S imon Hope, jeune adolescent obèse, vit dans un quartier modeste, quelque part en Grande-Bretagne. Suivant les conseils d’une voyante, il mise toutes les économies de son père aux courses de chevaux. Il a tout bon, remporte seize millions, mais comme il est mineur, le gamin ne peut encaisser son gain sans un de ses parents. Manque de pot, sa mère, violemment battue, repose dans le coma ; son époux se révèle quant à lui introuvable. La fortune du garçon attise évidemment bien des convoitises et les ennuis ne font que commencer.

Le Suisse d’expression allemande Martin Panchaud signe un drame humoristique que les frères Cohen ne renieraient probablement pas. La trame de base de La couleur des choses est relativement convenue ; c’est après que tout se complique. Défiant les conventions, l’auteur n’hésite pas à abattre le quatrième mur en apostrophant son lecteur. Il interrompt parfois le cours de son histoire et adopte une approche encyclopédique pour expliquer le fonctionnement d’un TASER X26, les migrations des baleines ou désigner l’endroit précis pour frapper et faire souffrir son adversaire.

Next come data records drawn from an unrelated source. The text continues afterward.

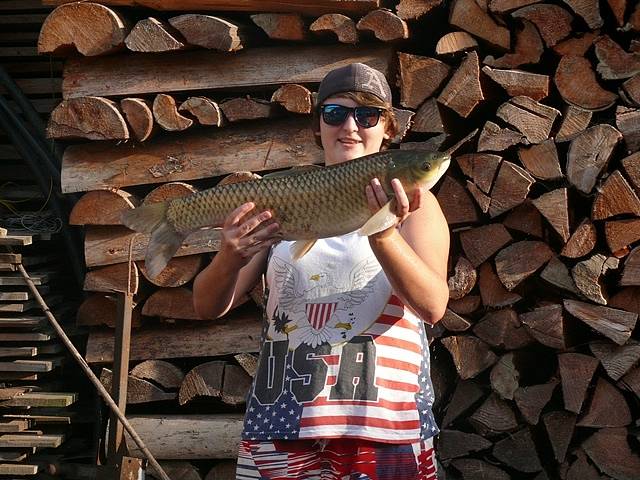 Lucie Košatková z Ražic u Písku ulovila na Orlíku na kukuřici amura (93 cm, 10,5 kg).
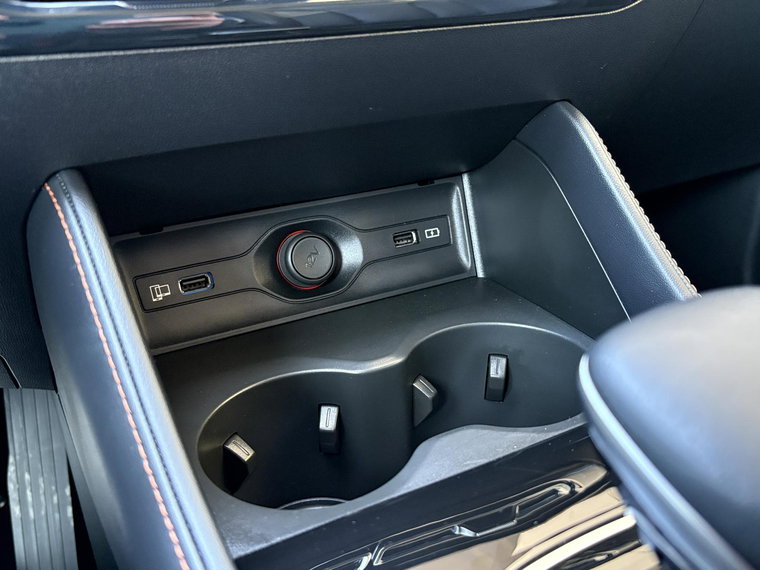 Vehicle Image 42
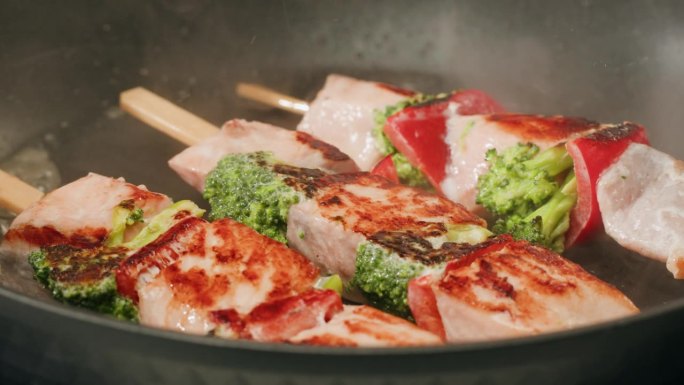 鱼鲑鱼烤小吃串从真空塑料袋准备真空烹调或烧烤，超市准备吃的食物。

C’est toutefois au niveau graphique que le projet surprend le plus. Pratiquement tout est filmé en plongée. Les lieux, tant à l’intérieur qu’à l’extérieur, ressemblent à un plan ; très large à certaines occasions (une rue, voire un arrondissement en entier) et à d’autres rapproché (une pièce ou encore une table sur laquelle des objets sont posés). Seuls quelques éléments sont extraits de ces projections ; ils apparaissent alors hyper détaillés et contrastent avec l’ensemble.

Les personnages évoluant dans ces décors sont pour leur part représentés par des pastilles de couleurs, comme s’ils portaient un sombrero. Le rendu est étonnant, un peu artificiel, et rappelle, d’une certaine façon, la préhistoire du jeu vidéo. Certaines situations sont décrites à l’aide de graphiques ou de lignes du temps, le bédéphile a à ce moment l’impression d’assister à une présentation construite sur PowerPoint. Les références à la publicité sont également omniprésentes. Bref, l’artiste pioche dans un corpus pictural qui va au-delà de la bande dessinée en particulier et de l’Art en général.

Bien que le résultat soit en apparence austère, le livre se montre d’une lecture fort agréable. Les codes narratifs s’apprivoisent bien et la mécanique du récit demeure sans failles. Tous les segments, même les plus surprenants, finissent par trouver leur sens. Le scénariste a eu l’intelligence de construire son anecdote à partir d’un canevas archétypal (famille pauvre, harcèlement, intimidation, père absent, etc.) afin que le lecteur se retrouve en terrain connu, même si la forme du projet est déstabilisante.

Un album susceptible de plaire aux amateurs de Chris Ware et de Marc-Antoine Mathieu.